Exercise aim
The answer must consist only of the lines in the records below from the line with "Laptop gris, vista" to the line with "Vintage Turkish Coffee", both included, copied word for word with every picture left out.

Dataset excerpts
== == ==

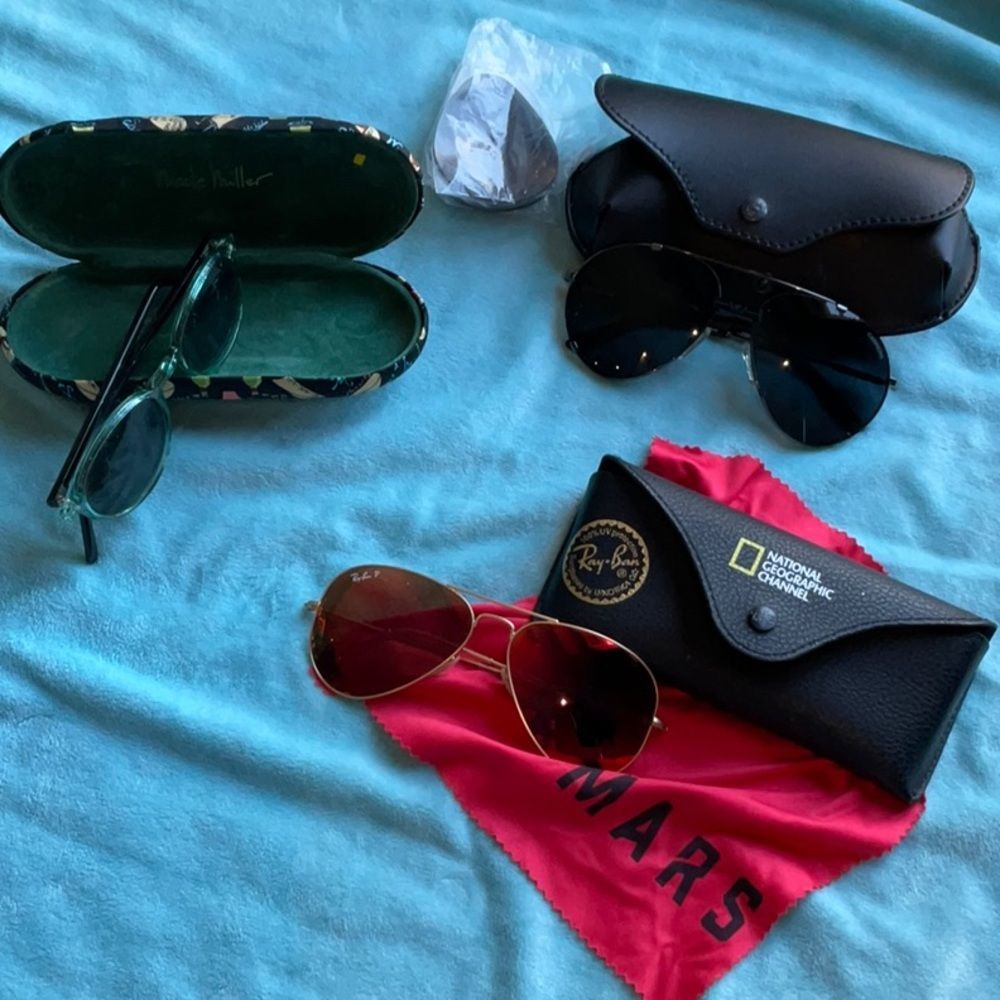 3 DESIGNER SUNGLASSES- Carrera, RayBan & Nicole Miller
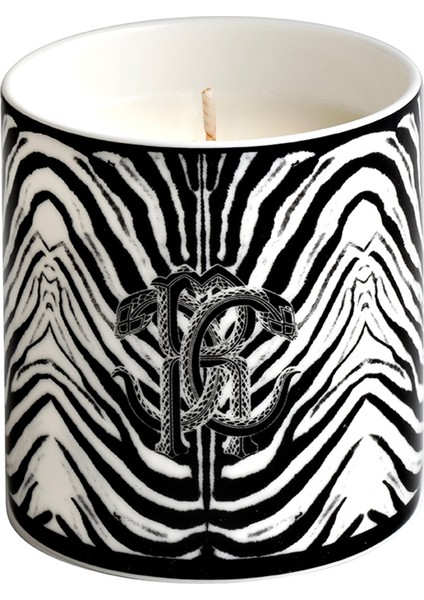 Zebra Desenli Porselen Bardaklı Kokulu Mum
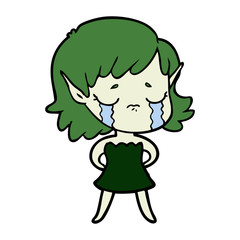 crying cartoon elf girl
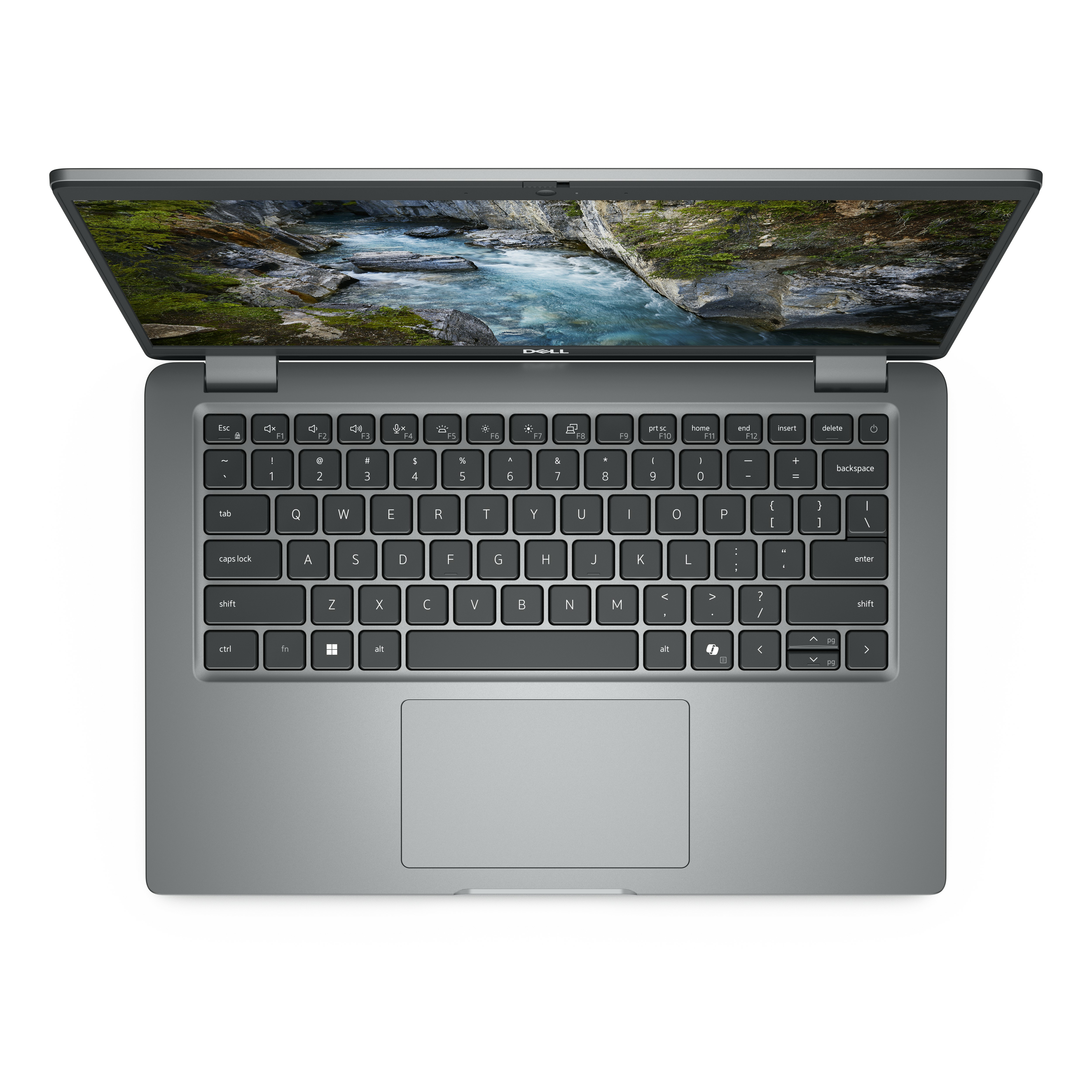 Laptop gris, vista superior. Muestra teclado, panel táctil y pantalla con escena de río.
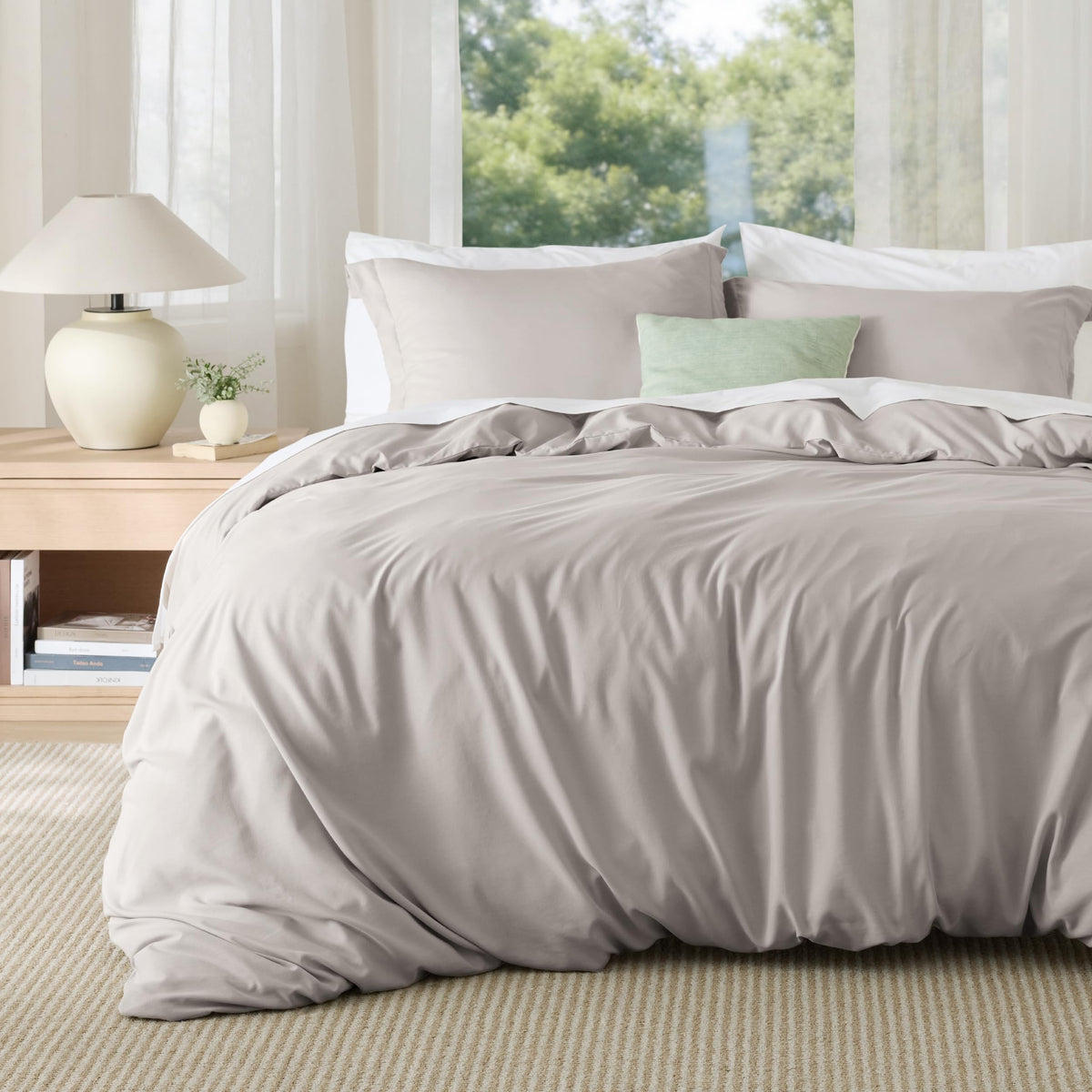Bedsure Duvet Cover with Fitted Sheet Queen - Deep Pocket, Hotel Luxury Soft Double Brushed Bedding Set with Zipper Closure, 1 Duvet Cover, 1 Fitted Sheet, 2 Pillow Shams, NO Comforter, White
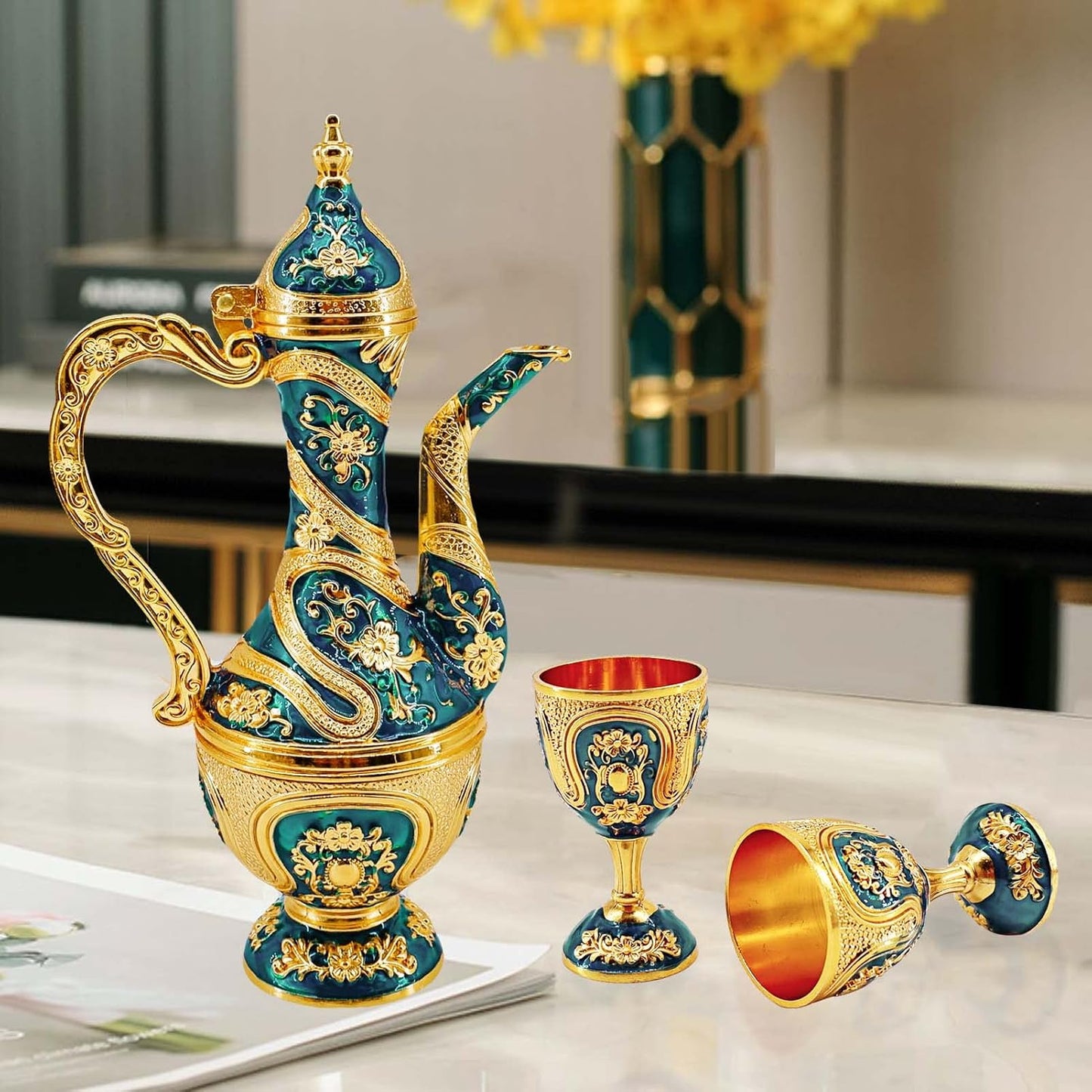 Vintage Turkish Coffee Pot and Cups Set,Tea Service Set Including Teapot,Tea Tray and Metal Cups for Wine Cabinet Decor,Wedding Ornaments (Gold and Blue)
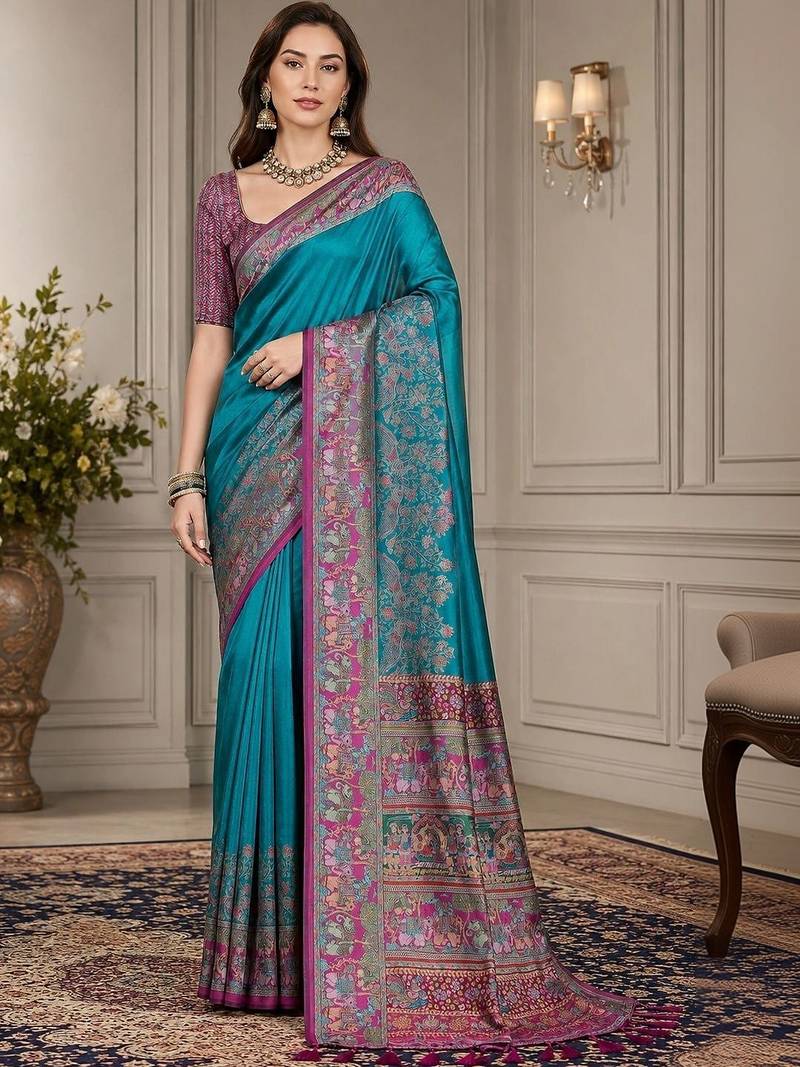 teal woven design zari silk blend handloom block print saree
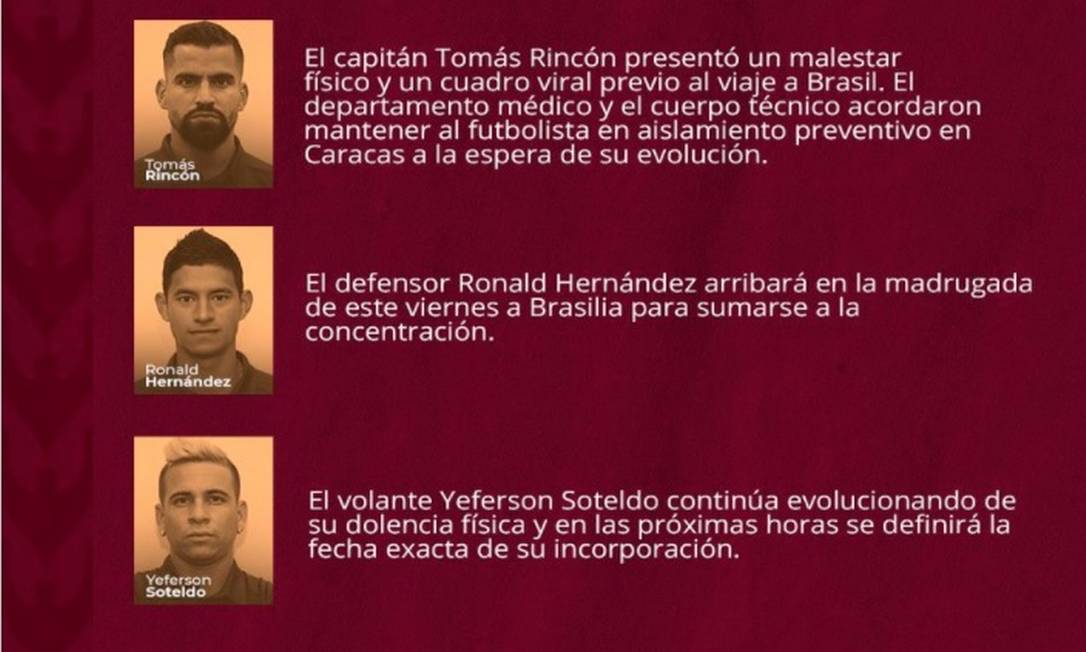 Aviso da seleção da Venezuela sobre Rincón Foto: Reprodução Twitter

== == ==

Response
 Laptop gris, vista superior. Muestra teclado, panel táctil y pantalla con escena de río.
Bedsure Duvet Cover with Fitted Sheet Queen - Deep Pocket, Hotel Luxury Soft Double Brushed Bedding Set with Zipper Closure, 1 Duvet Cover, 1 Fitted Sheet, 2 Pillow Shams, NO Comforter, White
 Vintage Turkish Coffee Pot and Cups Set,Tea Service Set Including Teapot,Tea Tray and Metal Cups for Wine Cabinet Decor,Wedding Ornaments (Gold and Blue)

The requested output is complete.